Wobei der Familie vorsichtshalber auch noch die Schuld in die Schuhe geschoben wird: "Ihr Sohn Florian ist bereits im Mai 2020 aus dem elterlichen Haushalt ausgezogen und in eine eigene Wohnung gezogen. Diesen Umstand haben Sie aber bis dato nicht dem Finanzamt gemeldet gehabt. Gemäß § 25 FLAG besteht die Verpflichtung, dies binnen einem Monat dem Finanzamt zu melden. Diese Verpflichtung haben Sie auch am Familienbeihilfenantragsformular unterfertigt."

Selber schuld...

Nicht gewusst, und auch für unerheblich gehalten, denn: Laut Auskunft der ÖH ist der Sohn auch dann noch dem elterlichen Haushalt zugehörig, wenn er eine eigene Wohnung hat. Jetzt weiß man es, amtlich bestätigt, besser.

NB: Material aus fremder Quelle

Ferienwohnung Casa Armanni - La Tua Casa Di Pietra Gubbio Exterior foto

Automatisch? Unbürokratisch? Rasch? Da ist viel Luft nach oben.

Die Autorin erinnert sich an ihre eigene Studienzeit: Die Familienbeihilfe wurde tatsächlich unbürokratisch ausbezahlt. Das Studium war gratis. Arbeiten konnte man als Studierende, musste aber nicht. Und wenn, dann war das Finanzamt nur an der Einhaltung der Höchstgrenzen interessiert. Und ob das Kind zu Hause wohnte oder im Studentenheim oder in der eigenen Wohnung, war der Behörde egal.

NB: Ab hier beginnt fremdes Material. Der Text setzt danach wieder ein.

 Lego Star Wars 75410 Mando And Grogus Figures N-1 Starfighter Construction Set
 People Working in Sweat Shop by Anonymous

Warum kompliziert, wenn es auch einfach ginge?

Die Moral von der Geschicht':

  • Wenn das Kind nicht im Haushalt der Eltern lebt, ist das dem Finanzamt binnen einem Monat zu melden.
  • Wenn das Kind seine eigenen "Unterhaltskosten überwiegend trägt", verlieren die Eltern den Anspruch auf die Familienbeihilfe.
  • Ob der Umstand, dass das Kind mehr verdient als die Eltern ihm monatlich zahlen, schon heißt, dass es seine eigenen "Unterhaltskosten überwiegend trägt", auch dann, wenn das Geld nicht in Miete oder Essen investiert wird sondern in Urlaub oder sonstigen Aufwand fließt, bleibt bis auf weiteres ungeklärt.